Among the records that follow, set down only the lines from the one containing "江淮 恺达X5 1.6L" to the one containing "キッチン　※別室の参考写真の為、現況優先です。", both included, exactly.

++++ Source data

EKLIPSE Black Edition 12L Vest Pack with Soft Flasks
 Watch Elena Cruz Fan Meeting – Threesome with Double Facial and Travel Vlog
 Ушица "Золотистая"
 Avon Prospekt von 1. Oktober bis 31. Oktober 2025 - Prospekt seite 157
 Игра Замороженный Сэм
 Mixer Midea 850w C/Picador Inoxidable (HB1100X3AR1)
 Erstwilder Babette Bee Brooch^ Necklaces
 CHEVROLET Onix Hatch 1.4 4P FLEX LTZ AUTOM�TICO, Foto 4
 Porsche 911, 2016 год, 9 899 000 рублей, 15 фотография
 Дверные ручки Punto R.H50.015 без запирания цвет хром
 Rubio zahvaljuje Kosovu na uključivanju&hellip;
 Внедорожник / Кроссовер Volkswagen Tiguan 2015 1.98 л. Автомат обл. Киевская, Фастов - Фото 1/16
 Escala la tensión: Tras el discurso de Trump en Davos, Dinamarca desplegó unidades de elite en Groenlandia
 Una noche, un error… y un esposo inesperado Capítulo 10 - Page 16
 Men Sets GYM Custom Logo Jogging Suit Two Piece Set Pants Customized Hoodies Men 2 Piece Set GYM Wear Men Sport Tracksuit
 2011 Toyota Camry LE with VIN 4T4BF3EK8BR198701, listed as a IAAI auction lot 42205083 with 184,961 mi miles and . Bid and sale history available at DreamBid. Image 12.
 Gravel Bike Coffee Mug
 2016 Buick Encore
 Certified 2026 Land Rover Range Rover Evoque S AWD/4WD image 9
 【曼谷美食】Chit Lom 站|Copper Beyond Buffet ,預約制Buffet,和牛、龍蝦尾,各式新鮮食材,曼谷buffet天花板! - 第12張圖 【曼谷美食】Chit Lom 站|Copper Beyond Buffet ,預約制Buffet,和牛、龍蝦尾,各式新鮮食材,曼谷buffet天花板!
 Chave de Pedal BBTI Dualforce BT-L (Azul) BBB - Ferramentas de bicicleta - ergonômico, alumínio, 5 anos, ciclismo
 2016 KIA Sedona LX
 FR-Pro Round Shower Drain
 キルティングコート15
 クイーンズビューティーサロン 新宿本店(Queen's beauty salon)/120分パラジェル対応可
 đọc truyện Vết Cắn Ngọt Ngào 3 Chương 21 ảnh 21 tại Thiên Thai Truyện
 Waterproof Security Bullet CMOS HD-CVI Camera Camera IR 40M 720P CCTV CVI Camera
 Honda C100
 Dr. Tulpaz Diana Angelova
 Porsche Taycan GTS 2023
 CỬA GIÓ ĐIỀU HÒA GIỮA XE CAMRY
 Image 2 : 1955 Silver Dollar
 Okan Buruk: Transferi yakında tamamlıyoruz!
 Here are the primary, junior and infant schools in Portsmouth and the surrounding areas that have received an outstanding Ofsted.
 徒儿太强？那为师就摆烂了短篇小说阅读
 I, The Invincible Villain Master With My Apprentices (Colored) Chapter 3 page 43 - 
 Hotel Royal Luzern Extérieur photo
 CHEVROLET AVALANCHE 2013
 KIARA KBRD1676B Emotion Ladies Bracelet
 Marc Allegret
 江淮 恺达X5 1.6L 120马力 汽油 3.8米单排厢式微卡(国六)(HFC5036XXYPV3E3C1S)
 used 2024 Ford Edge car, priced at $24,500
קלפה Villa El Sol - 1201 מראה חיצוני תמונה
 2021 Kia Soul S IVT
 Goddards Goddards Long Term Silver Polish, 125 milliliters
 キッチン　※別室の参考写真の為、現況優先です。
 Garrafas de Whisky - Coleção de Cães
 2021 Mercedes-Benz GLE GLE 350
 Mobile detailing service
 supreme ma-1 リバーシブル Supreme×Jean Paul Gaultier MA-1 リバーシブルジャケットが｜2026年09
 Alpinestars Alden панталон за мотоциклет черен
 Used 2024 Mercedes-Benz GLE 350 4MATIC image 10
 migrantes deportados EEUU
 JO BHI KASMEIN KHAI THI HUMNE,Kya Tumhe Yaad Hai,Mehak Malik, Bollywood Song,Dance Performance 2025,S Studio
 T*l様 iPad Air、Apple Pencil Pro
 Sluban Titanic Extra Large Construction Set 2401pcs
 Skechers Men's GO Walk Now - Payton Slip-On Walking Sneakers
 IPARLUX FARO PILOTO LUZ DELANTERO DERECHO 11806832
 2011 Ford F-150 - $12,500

++++++++

◆ Answer area
 江淮 恺达X5 1.6L 120马力 汽油 3.8米单排厢式微卡(国六)(HFC5036XXYPV3E3C1S)
 used 2024 Ford Edge car, priced at $24,500
קלפה Villa El Sol - 1201 מראה חיצוני תמונה
 2021 Kia Soul S IVT
 Goddards Goddards Long Term Silver Polish, 125 milliliters
 キッチン　※別室の参考写真の為、現況優先です。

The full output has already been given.